Bembury and Rogers, both of whom were formerly incarcerated, encouraged attendees to volunteer with criminal justice reform organizations.

“Criminal justice reform is a new civil rights movement. We’re soldiers in the trenches. We need you with us,” Bembury, who directs a mentorship program for inmates seeking college degrees, said. “Lend your voices, lend your connections, lend your resources.”

Rogers, the founder of an organization that focuses on the experiences of BGLTQ+ individuals in the prison industrial complex, encouraged attendees to send letters to incarcerated individuals through his organization’s pen-pal program.

“I stood up to a prison guard who assaulted me, and I watched him try to assault another individual, and I didn’t let that happen. So they put me in solitary confinement for one year. The only thing I received of human touch was my mail,” he said.

West said that to enact change, individuals must “go against the grain.”

“I think we at Harvard can rededicate ourselves to Veritas. The condition of truth is to allow suffering to speak. When you listen closely to the voices of the suffering, it’s an invitation to care,” West said.

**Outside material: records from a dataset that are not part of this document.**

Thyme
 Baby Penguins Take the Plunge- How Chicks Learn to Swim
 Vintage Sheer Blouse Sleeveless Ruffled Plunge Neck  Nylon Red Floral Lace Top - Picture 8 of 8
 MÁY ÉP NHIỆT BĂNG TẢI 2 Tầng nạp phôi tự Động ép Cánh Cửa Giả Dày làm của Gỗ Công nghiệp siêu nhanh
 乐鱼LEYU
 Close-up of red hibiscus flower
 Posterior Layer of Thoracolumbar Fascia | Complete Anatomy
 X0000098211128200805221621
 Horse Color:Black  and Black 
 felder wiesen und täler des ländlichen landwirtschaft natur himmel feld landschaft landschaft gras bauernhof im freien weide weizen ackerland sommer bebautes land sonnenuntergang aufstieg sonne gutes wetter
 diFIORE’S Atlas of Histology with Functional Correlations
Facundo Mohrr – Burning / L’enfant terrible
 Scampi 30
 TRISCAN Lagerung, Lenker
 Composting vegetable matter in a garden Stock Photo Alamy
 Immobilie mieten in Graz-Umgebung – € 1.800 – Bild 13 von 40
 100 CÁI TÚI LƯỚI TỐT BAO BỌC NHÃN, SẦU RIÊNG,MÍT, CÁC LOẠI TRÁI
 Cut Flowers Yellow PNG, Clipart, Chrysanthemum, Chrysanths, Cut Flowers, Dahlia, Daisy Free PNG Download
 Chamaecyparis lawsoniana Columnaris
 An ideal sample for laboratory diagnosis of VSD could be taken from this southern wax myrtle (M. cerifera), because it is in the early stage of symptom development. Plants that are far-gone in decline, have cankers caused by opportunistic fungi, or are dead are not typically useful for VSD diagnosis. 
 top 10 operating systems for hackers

At the end of the panel, student members of the Harvard Prison Divestment Campaign briefly discussed their work on campus and their confrontation last week with University President Lawrence S. Bacow. Protesters calling on the University to divest its nearly $40 billion endowment from companies tied to prisons interrupted a talk by Bacow Thursday eventually leading to him and other speakers relocating to a different room.

Bacow said in an interview immediately after the talk the protester's behavior does not "encourage" him to meet with them again.

Bacow has previously given several reasons as to why the University stands by its longstanding precedent of refusing to use its endowment to achieve for political ends. The University previously divested from the tobacco industry in 1990, as well as from companies in South Africa in 1986. Bacow has called these incidents rare exceptions to University policy.